Excerpted data ▸
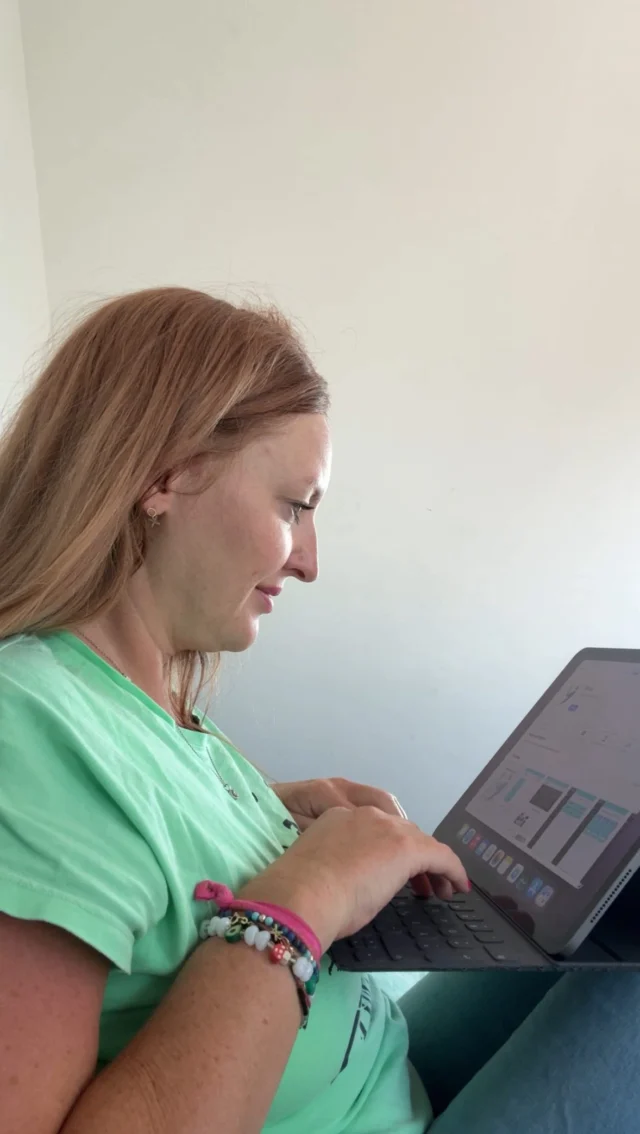 Werbung
Mit Umfragen Geld verdienen? Klappt das wirklich?
Ich hab die neue App @voissy.panels getestet, mit der man durch das Beantworten von Umfragen ganz easy Geld verdienen kann. Einfach Punkte sammeln und ab 5€ auszahlen lassen. – Direkt auf das PayPal-Konto oder als Amazon Gutschein. Weitere Überraschungen sind geplant. 🙌 Perfekt um sich ein kleines Extra-Taschengeld zu sichern. 💶

So funktioniert’s:
📍App Downloaden (Link in meiner Bio)
📍Kostenlos registrieren
📍Profil ausfüllen
📍Passende Umfragen beantworten
📍Punkte sammeln & Bonus auszahlen lassen

Vorteile:
👌 Einfach zu bedienen
👌 kostenlos und unkompliziert 
👌 Punkte lassen sich in echtes Geld umwandeln
👌 Keine Verpflichtungen oder versteckte Kosten
👌 Flexible Zeiteinteilung – wann und wo du willst, perfekt neben dem Familienalltag
👌 Und: Du wirst für deine echte Meinung bezahlt!

Lust bekommen? Dann klick auf den Link in meiner Bio und leg direkt los mit Voissy! 
Wie gefällt euch die Idee?

#voissy #geldverdienenvonzuhause #appempfehlung #mitumfragengeldverdienen #meinungsumfrage #meinungsumfragen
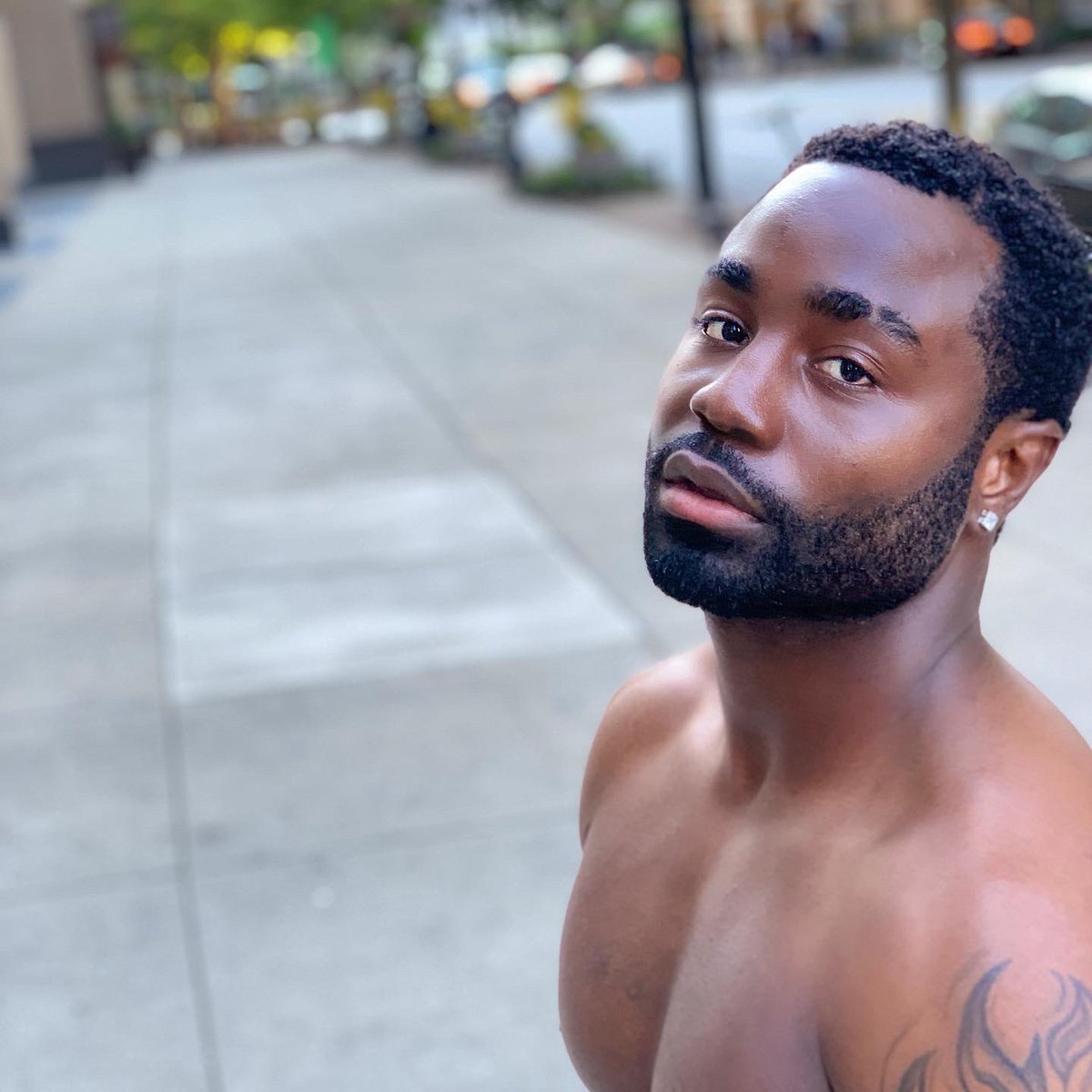 Keyvontruth's tweet photo. https://t.co/70vgNm3AGf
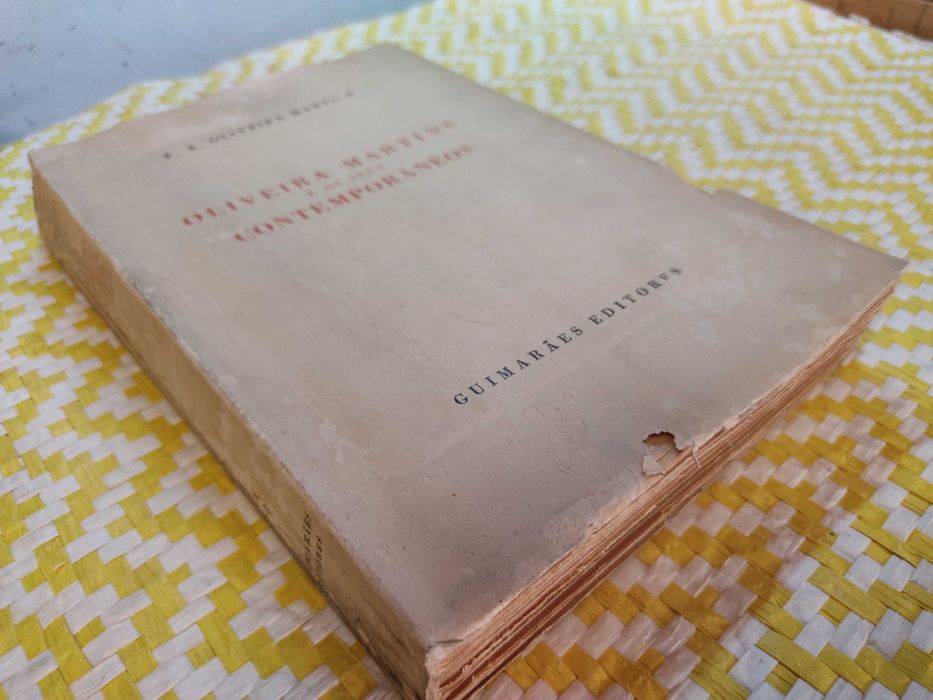 Oliveira Martins e os seus contemporâneos
F A Oliveira Martins.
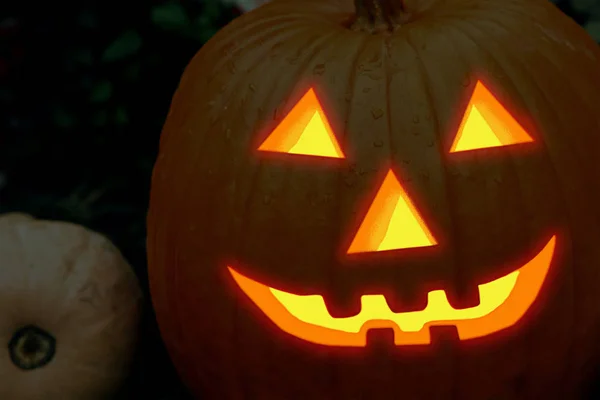 Halloween pumpa apelsin, snidade Jack lykta, skrämmande eldig — Stockfoto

Requirement ▸
Please count how many lines of the records include "Link", giving the number and nothing else.

Result of the task ▸
2